▸ **WORK REQUEST**: All lines with the word "Photo" must be pulled from the entries below.

= = = =

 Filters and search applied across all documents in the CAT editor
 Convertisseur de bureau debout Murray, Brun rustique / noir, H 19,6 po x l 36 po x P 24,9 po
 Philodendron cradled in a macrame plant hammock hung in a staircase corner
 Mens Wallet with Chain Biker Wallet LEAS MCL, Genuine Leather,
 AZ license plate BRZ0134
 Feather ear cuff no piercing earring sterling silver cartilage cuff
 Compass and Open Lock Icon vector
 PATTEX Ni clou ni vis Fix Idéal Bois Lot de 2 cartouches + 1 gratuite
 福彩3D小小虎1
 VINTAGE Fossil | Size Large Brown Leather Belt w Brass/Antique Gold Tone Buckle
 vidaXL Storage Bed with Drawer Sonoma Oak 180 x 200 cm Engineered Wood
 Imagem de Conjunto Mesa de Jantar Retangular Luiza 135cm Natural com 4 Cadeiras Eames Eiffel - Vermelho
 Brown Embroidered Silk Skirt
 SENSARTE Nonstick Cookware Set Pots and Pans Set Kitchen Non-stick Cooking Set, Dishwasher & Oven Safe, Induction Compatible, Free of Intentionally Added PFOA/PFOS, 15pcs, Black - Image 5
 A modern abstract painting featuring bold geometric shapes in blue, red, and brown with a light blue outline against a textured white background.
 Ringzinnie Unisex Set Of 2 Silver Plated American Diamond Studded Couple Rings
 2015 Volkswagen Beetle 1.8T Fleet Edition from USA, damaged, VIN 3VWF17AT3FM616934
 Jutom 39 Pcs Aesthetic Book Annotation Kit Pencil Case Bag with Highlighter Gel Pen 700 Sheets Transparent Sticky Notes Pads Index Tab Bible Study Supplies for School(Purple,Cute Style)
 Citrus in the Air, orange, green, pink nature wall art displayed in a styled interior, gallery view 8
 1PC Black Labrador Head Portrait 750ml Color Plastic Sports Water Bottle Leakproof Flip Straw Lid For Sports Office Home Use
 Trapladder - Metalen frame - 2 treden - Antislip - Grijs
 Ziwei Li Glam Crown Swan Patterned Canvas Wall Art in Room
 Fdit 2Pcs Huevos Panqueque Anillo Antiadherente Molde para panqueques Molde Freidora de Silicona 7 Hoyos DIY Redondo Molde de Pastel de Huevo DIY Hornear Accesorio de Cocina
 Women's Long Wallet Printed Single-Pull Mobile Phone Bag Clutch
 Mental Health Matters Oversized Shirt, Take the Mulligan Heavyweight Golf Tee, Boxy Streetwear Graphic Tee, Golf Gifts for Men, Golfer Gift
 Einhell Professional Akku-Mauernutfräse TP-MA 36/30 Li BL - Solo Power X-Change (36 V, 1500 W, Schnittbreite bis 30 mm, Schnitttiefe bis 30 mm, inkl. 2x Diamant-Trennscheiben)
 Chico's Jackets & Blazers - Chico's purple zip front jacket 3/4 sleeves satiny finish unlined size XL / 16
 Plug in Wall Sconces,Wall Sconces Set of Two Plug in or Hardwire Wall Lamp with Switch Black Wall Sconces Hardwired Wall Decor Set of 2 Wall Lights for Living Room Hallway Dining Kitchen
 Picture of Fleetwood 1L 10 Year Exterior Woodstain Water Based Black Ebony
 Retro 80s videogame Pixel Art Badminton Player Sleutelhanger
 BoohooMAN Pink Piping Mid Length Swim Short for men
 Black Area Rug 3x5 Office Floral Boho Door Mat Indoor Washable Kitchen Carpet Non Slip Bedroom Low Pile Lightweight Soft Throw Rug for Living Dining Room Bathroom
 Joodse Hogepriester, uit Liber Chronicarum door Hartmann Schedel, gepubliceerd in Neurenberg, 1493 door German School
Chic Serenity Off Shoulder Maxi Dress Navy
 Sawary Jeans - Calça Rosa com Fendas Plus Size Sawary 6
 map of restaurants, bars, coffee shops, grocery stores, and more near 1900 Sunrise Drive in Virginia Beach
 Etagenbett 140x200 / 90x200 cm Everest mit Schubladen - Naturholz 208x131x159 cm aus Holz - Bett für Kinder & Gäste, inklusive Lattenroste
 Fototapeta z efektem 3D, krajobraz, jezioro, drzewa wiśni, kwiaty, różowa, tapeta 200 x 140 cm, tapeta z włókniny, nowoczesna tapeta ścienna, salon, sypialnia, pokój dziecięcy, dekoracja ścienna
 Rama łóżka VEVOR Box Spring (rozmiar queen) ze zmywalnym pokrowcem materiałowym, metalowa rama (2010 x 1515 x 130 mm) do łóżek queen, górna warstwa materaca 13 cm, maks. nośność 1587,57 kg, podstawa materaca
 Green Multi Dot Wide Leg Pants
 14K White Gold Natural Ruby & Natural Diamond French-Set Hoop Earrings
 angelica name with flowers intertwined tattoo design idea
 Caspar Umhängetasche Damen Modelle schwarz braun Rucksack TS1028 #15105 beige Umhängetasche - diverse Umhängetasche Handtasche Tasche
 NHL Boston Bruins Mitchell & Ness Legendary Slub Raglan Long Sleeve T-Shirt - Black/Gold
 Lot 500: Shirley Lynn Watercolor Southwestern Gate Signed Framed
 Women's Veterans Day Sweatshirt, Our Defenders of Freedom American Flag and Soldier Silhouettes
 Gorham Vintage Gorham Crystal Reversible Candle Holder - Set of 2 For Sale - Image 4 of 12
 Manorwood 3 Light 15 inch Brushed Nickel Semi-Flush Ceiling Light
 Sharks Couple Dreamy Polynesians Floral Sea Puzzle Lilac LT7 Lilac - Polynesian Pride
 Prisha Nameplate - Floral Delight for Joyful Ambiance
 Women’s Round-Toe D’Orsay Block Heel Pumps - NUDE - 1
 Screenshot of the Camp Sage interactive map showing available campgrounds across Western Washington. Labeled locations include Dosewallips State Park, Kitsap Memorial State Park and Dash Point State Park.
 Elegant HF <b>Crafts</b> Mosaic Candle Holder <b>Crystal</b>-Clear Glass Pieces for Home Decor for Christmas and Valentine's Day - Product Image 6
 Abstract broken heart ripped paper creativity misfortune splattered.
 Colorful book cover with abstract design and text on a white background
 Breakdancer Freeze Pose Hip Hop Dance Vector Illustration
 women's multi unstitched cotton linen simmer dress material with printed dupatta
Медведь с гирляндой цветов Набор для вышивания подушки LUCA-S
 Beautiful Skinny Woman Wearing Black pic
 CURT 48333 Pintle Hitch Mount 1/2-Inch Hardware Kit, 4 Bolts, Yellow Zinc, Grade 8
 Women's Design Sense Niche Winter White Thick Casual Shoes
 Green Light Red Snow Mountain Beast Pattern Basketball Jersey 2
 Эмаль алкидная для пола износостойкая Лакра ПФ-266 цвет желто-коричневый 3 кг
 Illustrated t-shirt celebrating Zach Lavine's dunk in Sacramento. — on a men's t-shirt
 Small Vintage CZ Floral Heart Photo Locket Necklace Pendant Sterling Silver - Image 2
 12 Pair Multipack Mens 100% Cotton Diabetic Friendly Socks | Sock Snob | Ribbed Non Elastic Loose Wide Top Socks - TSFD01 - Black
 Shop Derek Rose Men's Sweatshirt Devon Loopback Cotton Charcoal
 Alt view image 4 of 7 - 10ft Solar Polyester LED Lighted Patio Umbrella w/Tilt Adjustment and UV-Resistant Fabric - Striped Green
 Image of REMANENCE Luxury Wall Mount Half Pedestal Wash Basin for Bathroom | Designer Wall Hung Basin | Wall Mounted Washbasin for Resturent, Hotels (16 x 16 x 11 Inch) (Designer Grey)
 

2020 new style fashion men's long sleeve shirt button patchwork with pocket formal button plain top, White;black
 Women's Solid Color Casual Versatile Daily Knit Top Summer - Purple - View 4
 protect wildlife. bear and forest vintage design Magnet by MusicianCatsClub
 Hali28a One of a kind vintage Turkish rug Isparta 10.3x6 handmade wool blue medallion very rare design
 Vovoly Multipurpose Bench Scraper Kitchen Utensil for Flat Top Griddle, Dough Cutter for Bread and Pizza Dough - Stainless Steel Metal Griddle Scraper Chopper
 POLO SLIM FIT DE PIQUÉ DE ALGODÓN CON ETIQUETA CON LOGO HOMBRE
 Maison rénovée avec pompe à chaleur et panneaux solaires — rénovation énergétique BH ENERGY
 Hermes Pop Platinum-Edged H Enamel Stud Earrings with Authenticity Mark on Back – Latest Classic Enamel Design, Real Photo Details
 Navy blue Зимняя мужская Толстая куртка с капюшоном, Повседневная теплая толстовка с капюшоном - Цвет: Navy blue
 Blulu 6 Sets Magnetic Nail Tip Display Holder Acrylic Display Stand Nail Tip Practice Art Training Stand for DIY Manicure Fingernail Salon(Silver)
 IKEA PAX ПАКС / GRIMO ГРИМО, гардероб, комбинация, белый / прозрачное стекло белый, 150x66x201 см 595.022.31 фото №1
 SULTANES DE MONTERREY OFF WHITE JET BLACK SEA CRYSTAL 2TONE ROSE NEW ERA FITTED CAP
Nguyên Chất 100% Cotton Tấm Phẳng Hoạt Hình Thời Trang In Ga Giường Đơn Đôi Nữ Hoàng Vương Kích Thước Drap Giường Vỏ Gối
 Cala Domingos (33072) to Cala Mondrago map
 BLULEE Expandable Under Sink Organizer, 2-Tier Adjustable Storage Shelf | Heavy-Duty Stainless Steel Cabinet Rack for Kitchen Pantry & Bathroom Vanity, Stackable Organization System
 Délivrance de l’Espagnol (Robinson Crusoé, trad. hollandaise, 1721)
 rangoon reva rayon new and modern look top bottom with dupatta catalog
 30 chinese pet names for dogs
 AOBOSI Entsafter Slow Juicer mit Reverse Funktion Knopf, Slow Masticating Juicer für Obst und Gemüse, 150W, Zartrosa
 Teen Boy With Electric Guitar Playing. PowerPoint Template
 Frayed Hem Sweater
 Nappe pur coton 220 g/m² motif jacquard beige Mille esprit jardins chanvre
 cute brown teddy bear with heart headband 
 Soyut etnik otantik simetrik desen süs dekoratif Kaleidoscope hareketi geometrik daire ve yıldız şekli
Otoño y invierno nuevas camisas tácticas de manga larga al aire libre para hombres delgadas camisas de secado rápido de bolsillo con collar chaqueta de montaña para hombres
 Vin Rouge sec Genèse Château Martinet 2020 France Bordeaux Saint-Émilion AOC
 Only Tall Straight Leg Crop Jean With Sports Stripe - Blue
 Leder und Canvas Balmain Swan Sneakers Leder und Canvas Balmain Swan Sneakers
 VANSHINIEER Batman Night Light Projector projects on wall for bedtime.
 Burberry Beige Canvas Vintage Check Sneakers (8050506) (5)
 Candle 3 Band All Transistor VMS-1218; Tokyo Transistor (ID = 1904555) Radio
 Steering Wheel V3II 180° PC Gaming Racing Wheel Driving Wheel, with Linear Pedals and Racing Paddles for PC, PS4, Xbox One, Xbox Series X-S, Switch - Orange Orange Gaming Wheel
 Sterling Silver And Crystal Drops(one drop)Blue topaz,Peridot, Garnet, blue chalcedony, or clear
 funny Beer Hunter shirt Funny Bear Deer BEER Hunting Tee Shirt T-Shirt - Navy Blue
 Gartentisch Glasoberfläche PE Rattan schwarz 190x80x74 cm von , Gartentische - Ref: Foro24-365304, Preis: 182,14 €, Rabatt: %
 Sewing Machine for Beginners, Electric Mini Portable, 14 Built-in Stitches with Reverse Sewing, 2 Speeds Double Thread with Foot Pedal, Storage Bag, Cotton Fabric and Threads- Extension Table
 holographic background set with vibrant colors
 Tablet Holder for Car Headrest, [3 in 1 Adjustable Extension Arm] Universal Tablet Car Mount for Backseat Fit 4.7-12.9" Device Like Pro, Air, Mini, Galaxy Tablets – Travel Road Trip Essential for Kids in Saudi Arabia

= = = =

▸ **WRITTEN SOLUTION**:
 Small Vintage CZ Floral Heart Photo Locket Necklace Pendant Sterling Silver - Image 2
 Hermes Pop Platinum-Edged H Enamel Stud Earrings with Authenticity Mark on Back – Latest Classic Enamel Design, Real Photo Details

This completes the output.